What I did is started the replication and deactivated so that I could see the first log when it finished. The log is:

cannot receive new filesystem stream: out of space
2020-06-13 07:53:28 208-0: cannot open 'Disk5/vm-208-disk-2': dataset does not exist
2020-06-13 07:53:28 208-0: command 'zfs recv -F -- Disk5/vm-208-disk-2' failed: exit code 1
2020-06-13 07:53:28 208-0: delete previous replication snapshot '__replicate_208-0_1591994040__' on Disk5:vm-208-disk-0
2020-06-13 07:53:29 208-0: delete previous replication snapshot '__replicate_208-0_1591994040__' on Disk5:vm-208-disk-1
2020-06-13 07:53:31 208-0: delete previous replication snapshot '__replicate_208-0_1591994040__' on Disk5:vm-208-disk-2
2020-06-13 07:53:31 208-0: end replication job with error: command 'set -o pipefail && pvesm export Disk5:vm-208-disk-2 zfs - -with-snapshots 1 -snapshot __replicate_208-0_1591994040__ | /usr/bin/ssh -e none -o 'BatchMode=yes' -o 'HostKeyAlias=emron-backup' root@192.168.10.223 -- pvesm import Disk5:vm-208-disk-2 zfs - -with-snapshots 1 -allow-rename 0' failed: exit code 1

I had a problem with space on the source disk: although there was enough space, when I started the replication, the space wasn't enough (system reserves space for replication), so I added another hdd in the pool.

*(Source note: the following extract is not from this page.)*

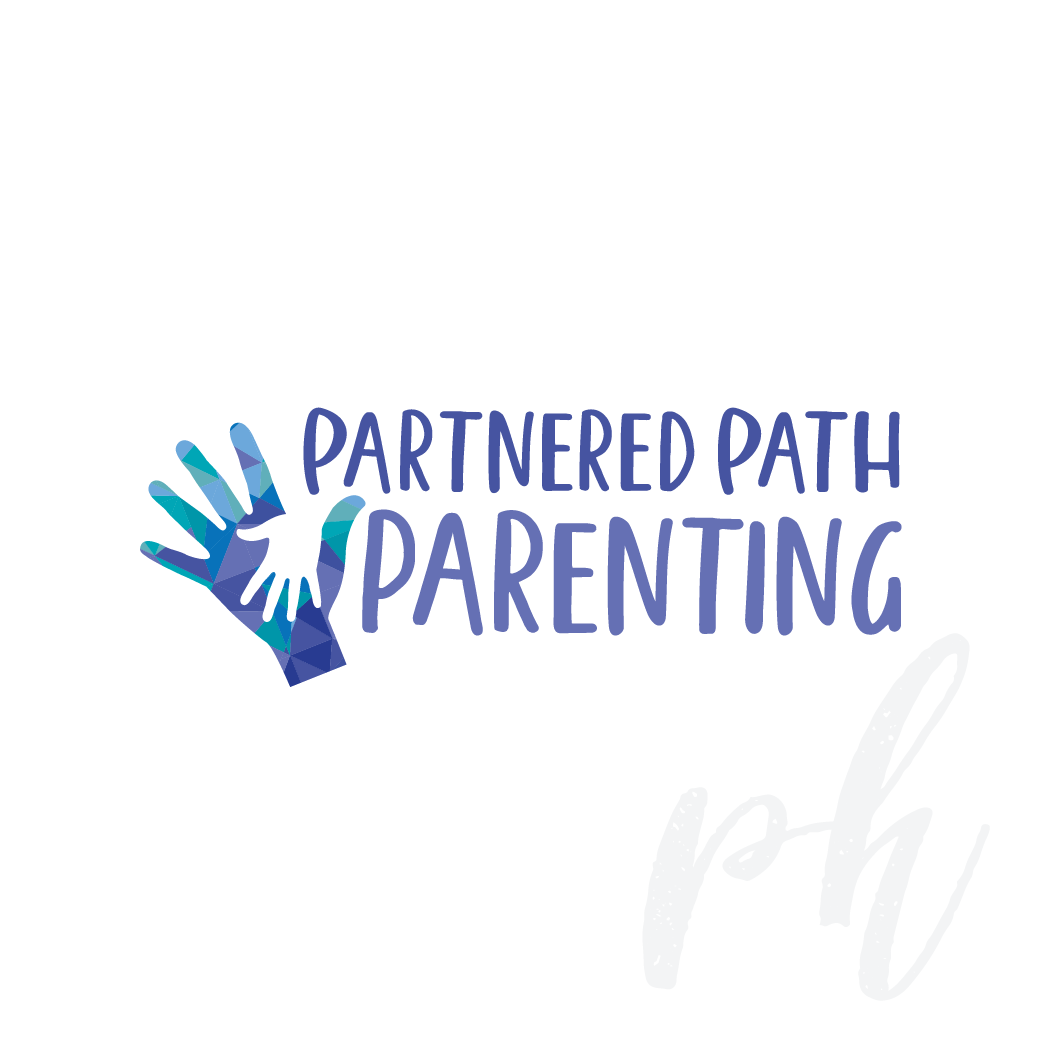 Partnered Path Parenting, Vancouver, WA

Maybe the two disks are not sharing space and the first hdd fills up with the replication?
 
Tried to, I cannot find the journal on destination.
the journal can be read with `journalctl` - see `man journalctl`

cannot receive new filesystem stream: out of space
seems there is not enough space - as you analyzed correctly

check the output of:
* `zpool status`
* `zpool list`
* `zfs list`
* `zfs get all $dataset` - for one of the dataset you receive into
 
the journal can be read with `journalctl` - see `man journalctl`


seems there is not enough space - as you analyzed correctly

check the output of:
* `zpool status`
* `zpool list`
* `zfs list`
* `zfs get all $dataset` - for one of the dataset you receive into

I am waiting for a new hdd for the destination pool. Will inform how it will go. I really wish it is that simple!